Records for the exercise:

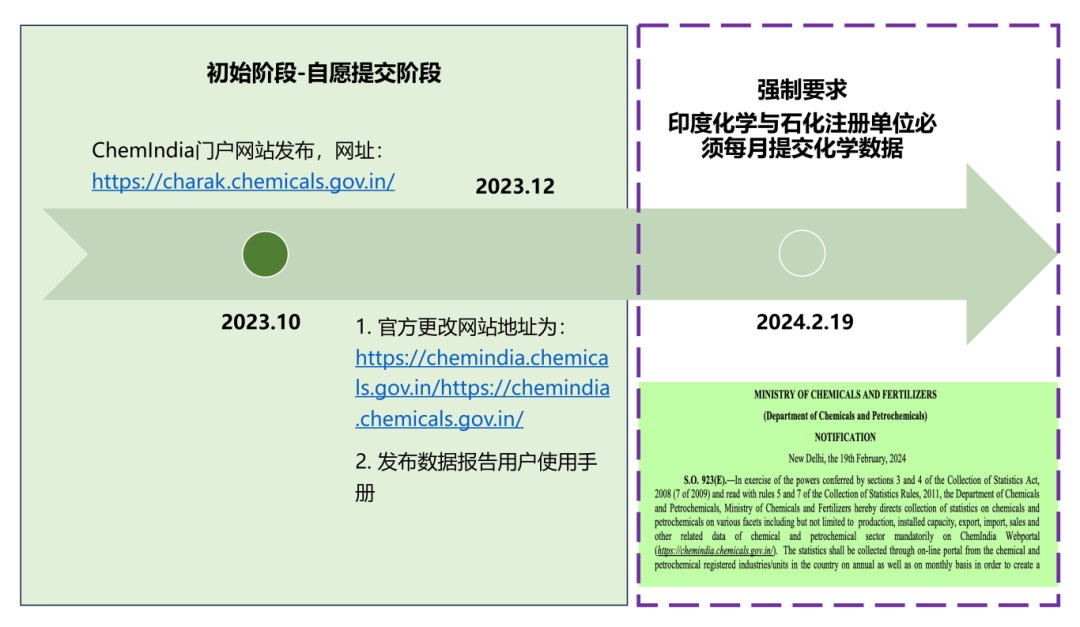 印度 ChemIndia 门户网站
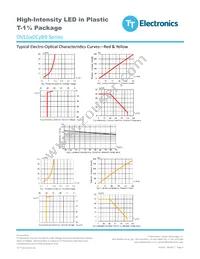 OVLGB0C6B9 Datasheet Page 4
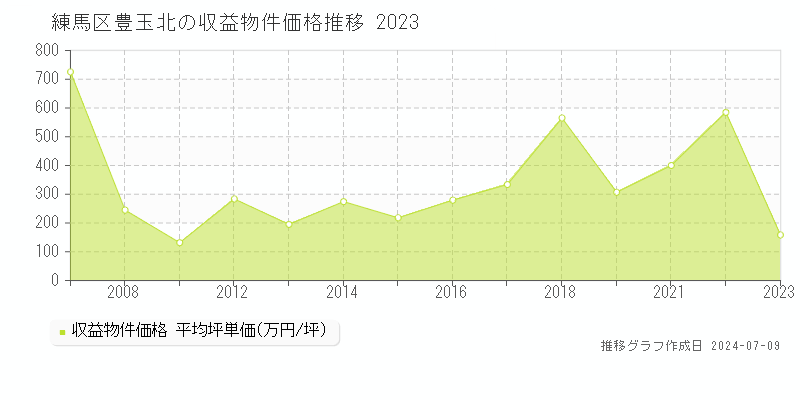 練馬区豊玉北のアパート価格推移グラフ 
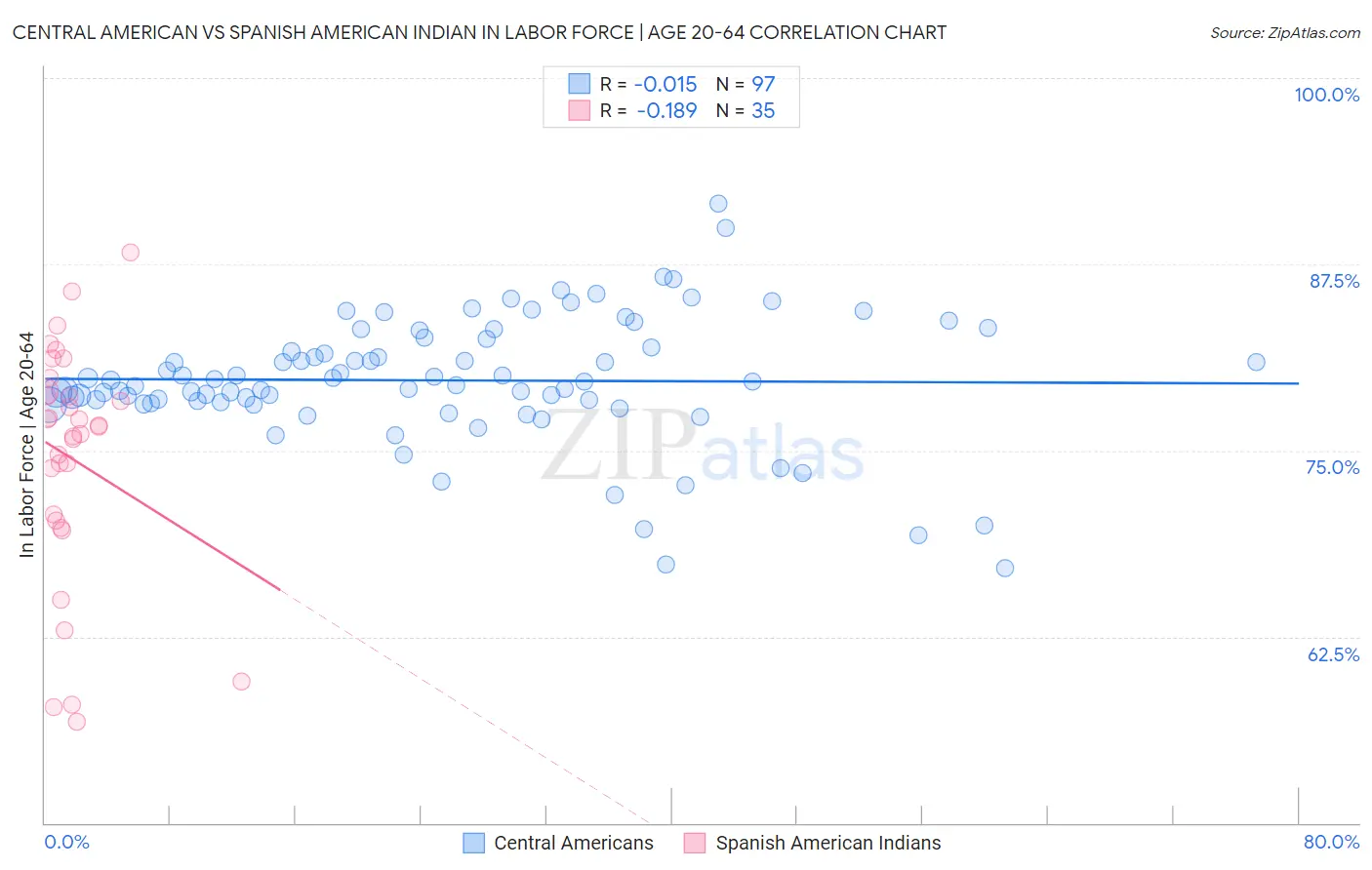Central American vs Spanish American Indian In Labor Force | Age 20-64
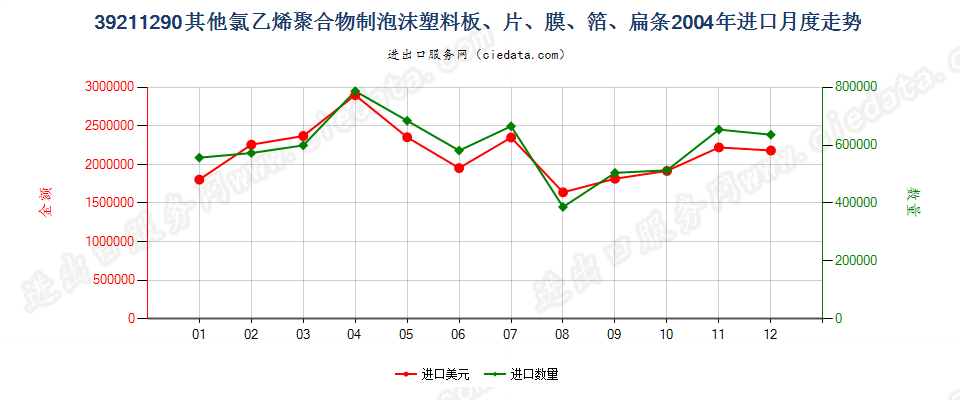 39211290其他氯乙烯聚合物泡沫塑料板、片、膜、箔等进口2004年月度走势图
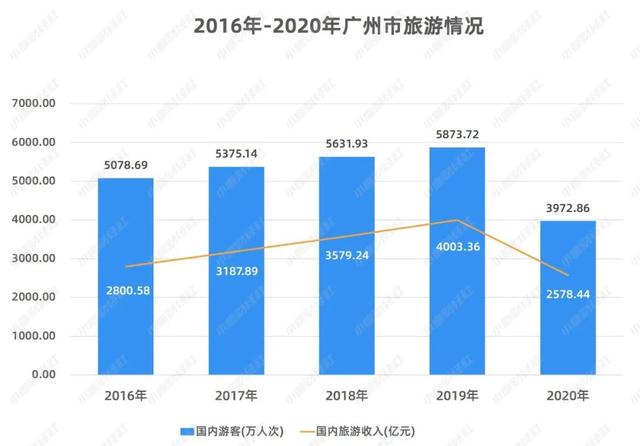 疫情下22.47%的旅行社从业者转行！《中国旅游数据报告》出炉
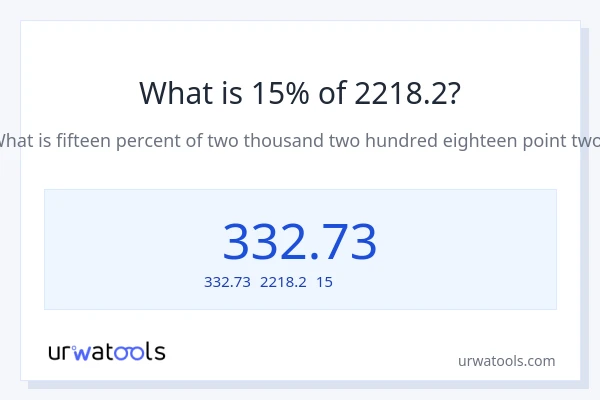2218.2の15%は何ですか?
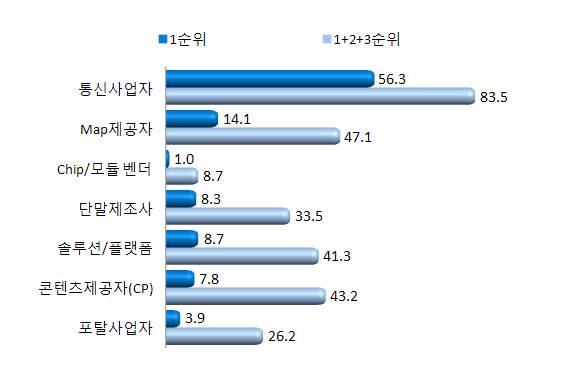 (4) 위치정보를활용한서비스의가치사슬에서가장큰영향력을행사하고있다고생각하는사업자 위치정보를활용한서비스의가치사슬에서현재가장큰영향력을행사하고있다고생각하는사업자를조사한결과, 1순위응답에서 통신사업자 가 56.3% 로가장많이나타남. 그다음으로는 Map제공자 가 14.1% 로많이나타남 1+2+3순위결과도 1순위결과와동일하게 통신사업자 (83.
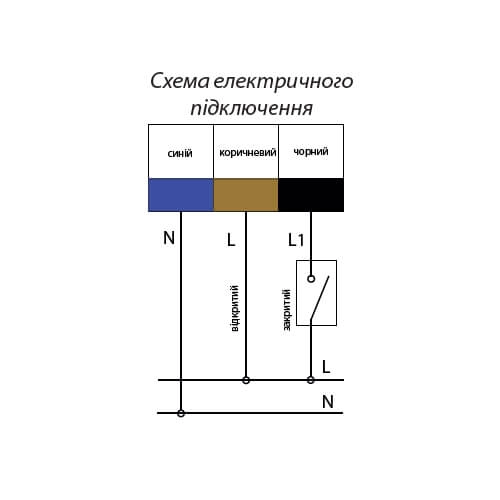 2-ходовий кульовий клапан н/в 1" DN25 з нержавіючої сталі з електроприводом Tervix Pro Line ORC (201153) Фото - 3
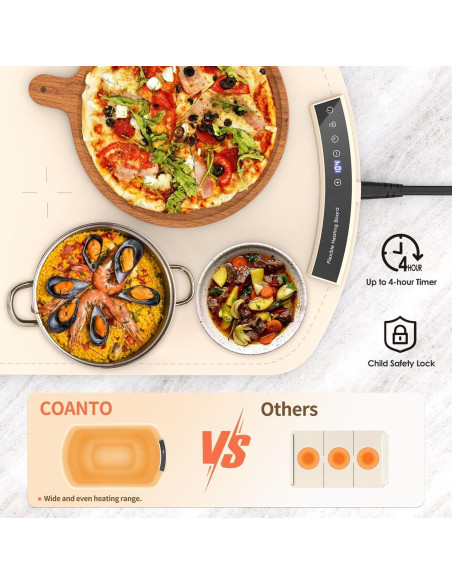 Alfombrilla Calentadora de Comida Coanto 65.5x39.6cm 9 Niveles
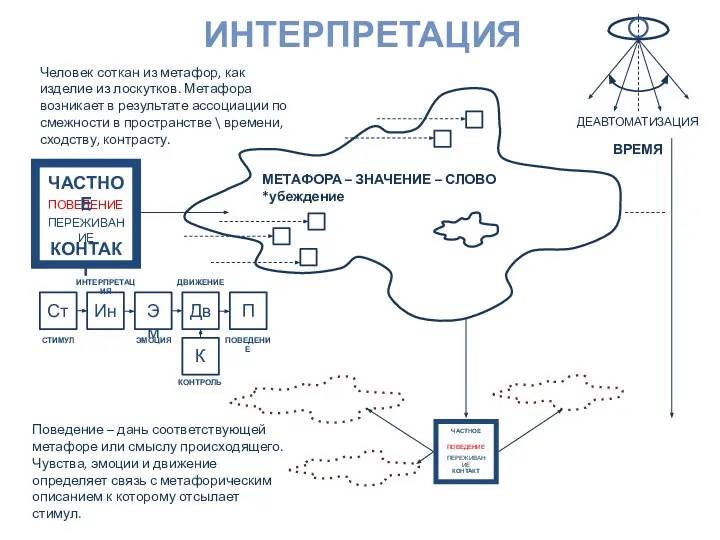 ИНТЕРПРЕТАЦИЯ Человек соткан из метафор, как изделие из лоскутков. Метафора возникает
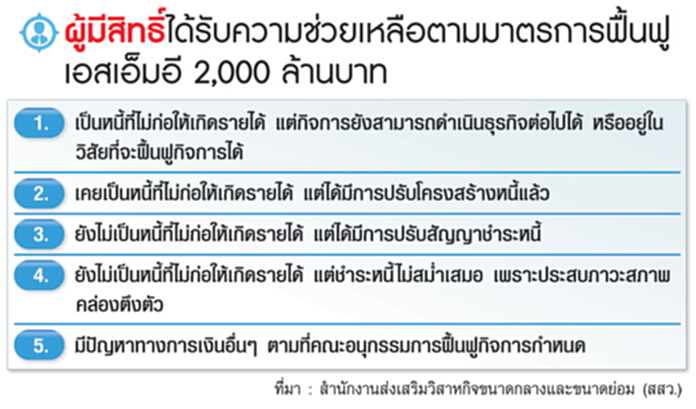 SMEs กว่า 600 รายแห่ยื่นคำขอ ใช้งบฟื้นฟู 2 พันล.ประเดิมภาคใต้ SMEs กว่า 600 รายแห่ยื่นคำขอ ใช้งบฟื้นฟู 2 พันล.ประเดิมภาคใต้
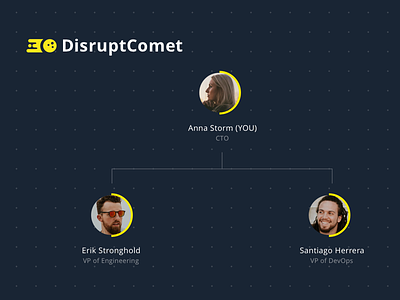 Disruptcomet charts concept disrupt flow treeview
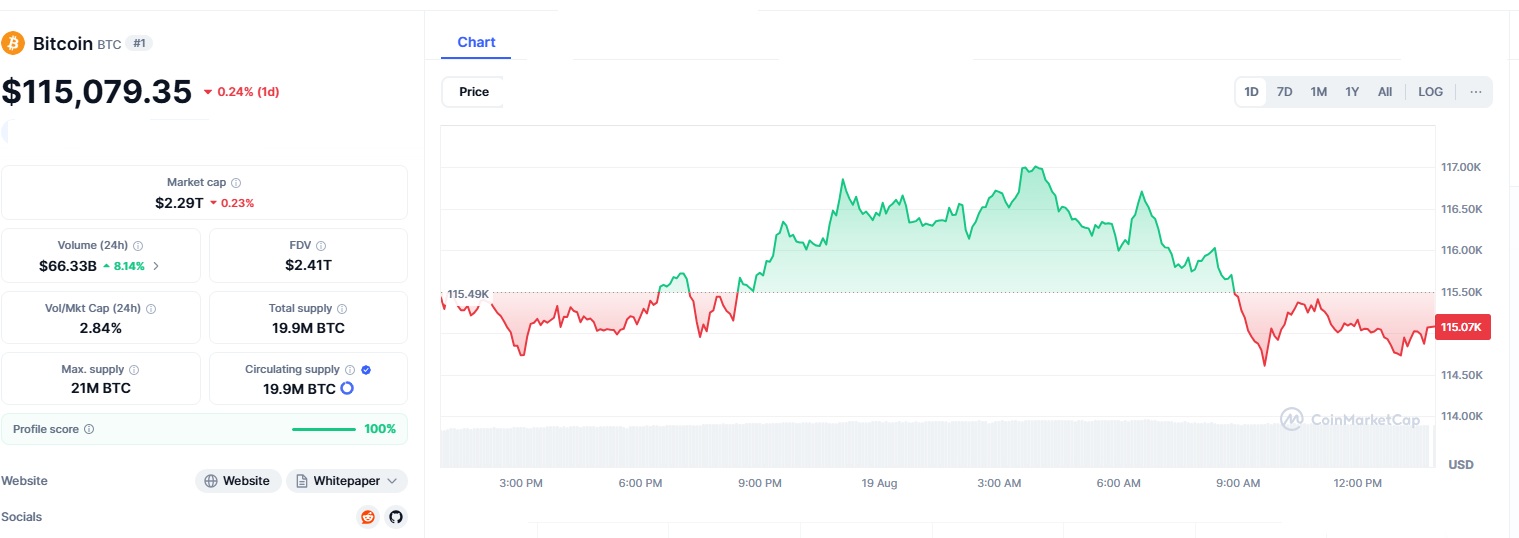BTC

Your goal:
Starting at the line that contains "OVLGB0C6B9 Datasheet Page 4", retype every line through the end of the material exactly as written, including both end lines but no pictures.

Reply:
 OVLGB0C6B9 Datasheet Page 4
 練馬区豊玉北のアパート価格推移グラフ 
Central American vs Spanish American Indian In Labor Force | Age 20-64
 39211290其他氯乙烯聚合物泡沫塑料板、片、膜、箔等进口2004年月度走势图
 疫情下22.47%的旅行社从业者转行！《中国旅游数据报告》出炉
2218.2の15%は何ですか?
 (4) 위치정보를활용한서비스의가치사슬에서가장큰영향력을행사하고있다고생각하는사업자 위치정보를활용한서비스의가치사슬에서현재가장큰영향력을행사하고있다고생각하는사업자를조사한결과, 1순위응답에서 통신사업자 가 56.3% 로가장많이나타남. 그다음으로는 Map제공자 가 14.1% 로많이나타남 1+2+3순위결과도 1순위결과와동일하게 통신사업자 (83.
 2-ходовий кульовий клапан н/в 1" DN25 з нержавіючої сталі з електроприводом Tervix Pro Line ORC (201153) Фото - 3
 Alfombrilla Calentadora de Comida Coanto 65.5x39.6cm 9 Niveles
 ИНТЕРПРЕТАЦИЯ Человек соткан из метафор, как изделие из лоскутков. Метафора возникает
 SMEs กว่า 600 รายแห่ยื่นคำขอ ใช้งบฟื้นฟู 2 พันล.ประเดิมภาคใต้ SMEs กว่า 600 รายแห่ยื่นคำขอ ใช้งบฟื้นฟู 2 พันล.ประเดิมภาคใต้
 Disruptcomet charts concept disrupt flow treeview
BTC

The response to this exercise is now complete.